Return the data word for word. Pictures are to be omitted.
(SUPPLIED MATERIAL)
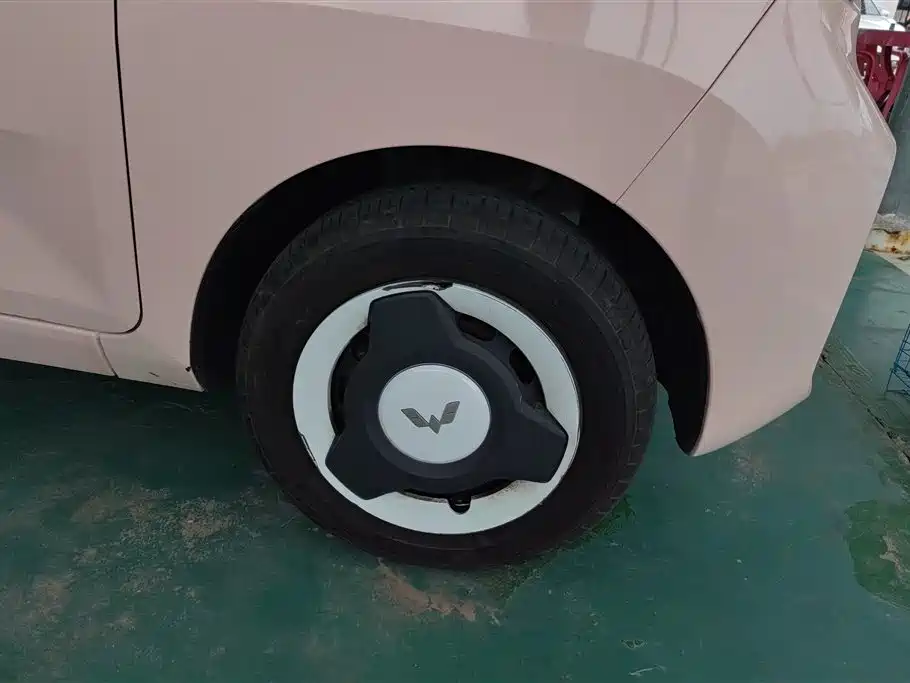 Wuling MINIEV 2023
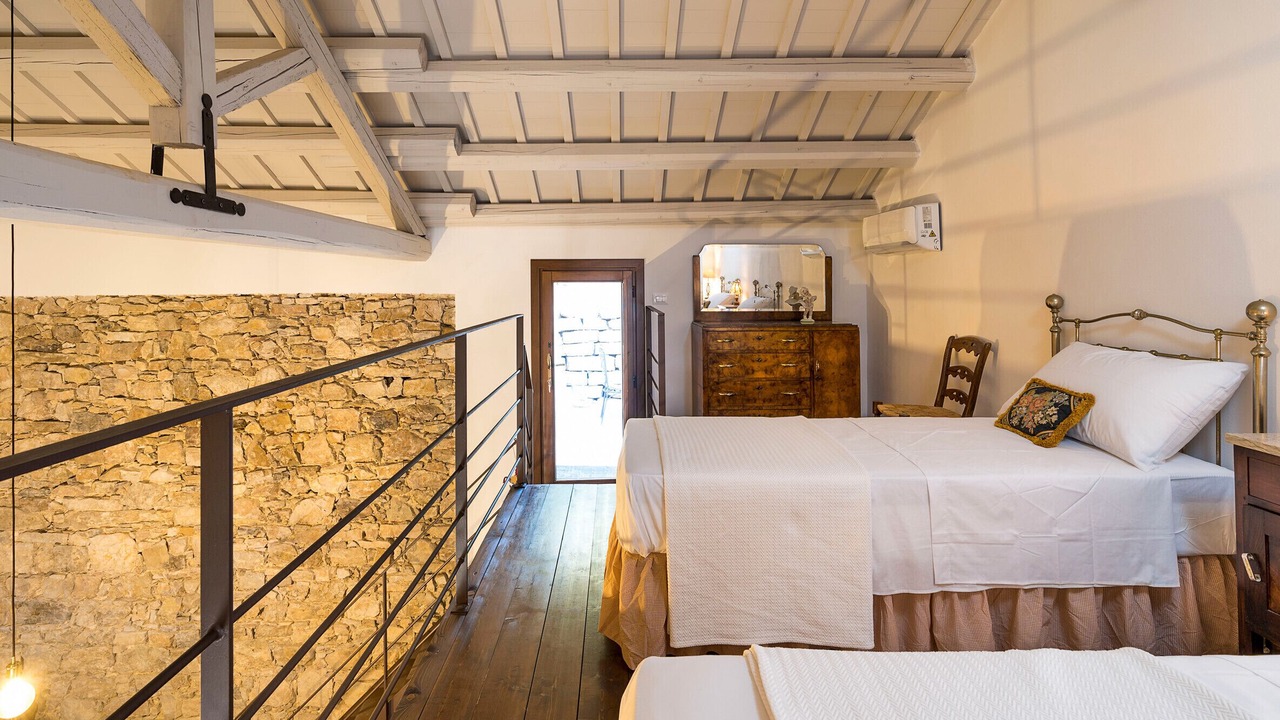 Photo of Bedroom in Buseto Palizzolo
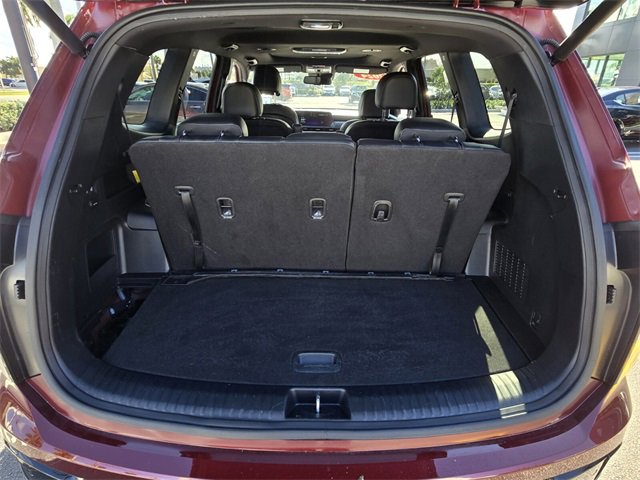 Used 2024 Kia Telluride EX X-Line image 9
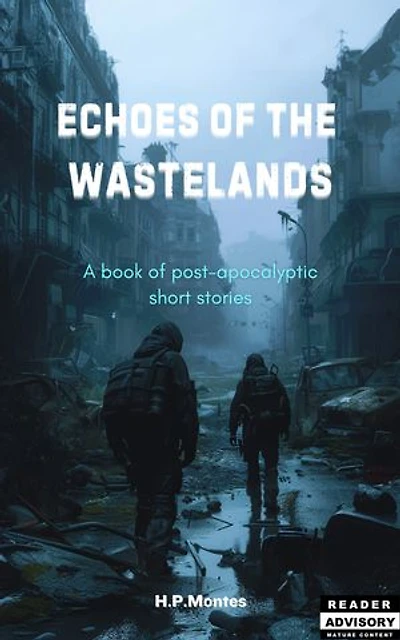 Echoes of the Wastelands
(End SUPPLIED MATERIAL)
YOUR SOLUTION »
 Wuling MINIEV 2023
 Photo of Bedroom in Buseto Palizzolo
 Used 2024 Kia Telluride EX X-Line image 9
 Echoes of the Wastelands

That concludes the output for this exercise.